- _Task objective_
Within the listing below, the lines to output run from the one containing "A slice of Creamy" through the one containing "Thumbnail for current"; copy them exactly and nothing else.

- _Data_
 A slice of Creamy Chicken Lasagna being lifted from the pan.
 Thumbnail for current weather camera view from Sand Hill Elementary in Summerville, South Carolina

---

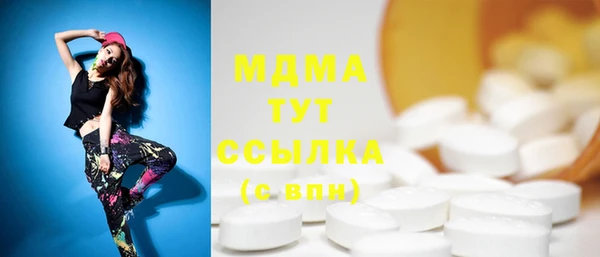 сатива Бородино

- _Answer section_
 A slice of Creamy Chicken Lasagna being lifted from the pan.
 Thumbnail for current weather camera view from Sand Hill Elementary in Summerville, South Carolina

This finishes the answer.